NGINX has released an article entitled Adopting Microservices at Netflix: Lessons for Team and Process Design. For a high level article it reads well, but closer consideration suggests that it fraught with problems, not the least some rather simplistic panacea attitudes.
The top-level claim "design for speed, not efficiency" is confronted by the old adage, "more haste less speed". 'Speed' but itself is downright dangerous. Speed with reviewed process is effective and efficient. It's the difference between riding a rocket and driving a car. The former may have more speed but the latter, with its steering wheel, brakes, and gears - is the one which is more efficient in most cases. It's the method which allows better control. "Speed" is what you apply some of the time in some situations, not all of the time to all situations.
The suggestion of "put your infrastructure in the cloud" is likewise not so simple. Cloud computing, per byte, per watt, per CPU-tick, is more expensive than local hardware. It *has* to be, because ultimately the cloud relies on real machines. This comes into effect especially if that hardware is in regular use (i.e., your IT infrastructure!). Cloud computing is most efficient for ephemeral and developmental tasks. In those cases where it may seem be cost-effective as infrastructure (e.g., a company-wide adoption of Google services) this is the result of (a) economies of scale and (b) advertiser payments from your metadata. The article's example of deploying 100 servers in a couple of days in São Paulo is fine for a temporary solution. But at the cost of local hardware versus cloud instances, the former will replace the latter if they wish to be cost-effective.

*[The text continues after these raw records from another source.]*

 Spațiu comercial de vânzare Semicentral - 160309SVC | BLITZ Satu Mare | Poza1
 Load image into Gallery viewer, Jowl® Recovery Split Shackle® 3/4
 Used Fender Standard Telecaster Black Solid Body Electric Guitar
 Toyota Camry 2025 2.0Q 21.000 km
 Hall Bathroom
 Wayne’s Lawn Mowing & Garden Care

The argument for a "high freedom, high responsibility culture with less process" is a good one, but misses the mathematics of the equation. Process (as has been shown empirically, time and time again) can generate a more effective and efficient workplace - but the curve is parabolic. Whilst standards make sens up to a point (e.g., "this is our letterhead") after a while the deadening hand of bureauracy reduces efficiency (e.g., "all emails are reviewed to ensure that they use active verbs, as per our style guide"). Process documents should be like good code - too the point, action-orientated, using the principles of object-orientated programming where every rule has both a state (what it is) and behaviour (what it does) and incorporates especially polymorphism (i.e., this process applies in multiple situations) and inheritance (i.e., this rule inherits these other rules).

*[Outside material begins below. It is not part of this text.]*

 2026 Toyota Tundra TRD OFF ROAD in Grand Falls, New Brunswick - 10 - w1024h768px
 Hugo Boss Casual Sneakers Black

The argument to "Replace Silos with Microservice Teams" is a one that has been raised many times in the past in a variety of forums. But to some extent silos are effective and inevitable, as they represent the specialisatist skills and responsibilities that each individual has - indeed, each individual is their *own* microservice team. One should not replace silos with microservice teams, but rather integrate silos into service teams; the thin glue of an API, to use the metaphor. A system which is entirely team-based, all the time, will end up with endless meetings and little production, but perhaps lots of good ideas. Which comes down to a better analysis of working out what teams and meetings are for, and when they should *not* be used as well as when they should.
The final proposal "Adopt Continuous Delivery, Guided by the OODA Loop" is again a better component and well recognised. The essential argument really comes down to offering rapid turnaround and versions based on more immediate requirements, rather than a slow turnaround where a larger number of features are integrated into a single release. Note however that the article does note that the monolithic delivery model "works well enough with a small number of developers (say, 50 or fewer)", which certainly would apply for most software and IT projects. But again, it depends on the context of what is being delivered, rather than the quantity of developers. For security protocols continuous delivery may not be the best solution.
Overall, I give it a C. Picks up on some major themes that have been appropriate to some extent in some contexts but hasn't
considered where they are inappropriate in others. It has cherry-picked situations and argued that they are universal.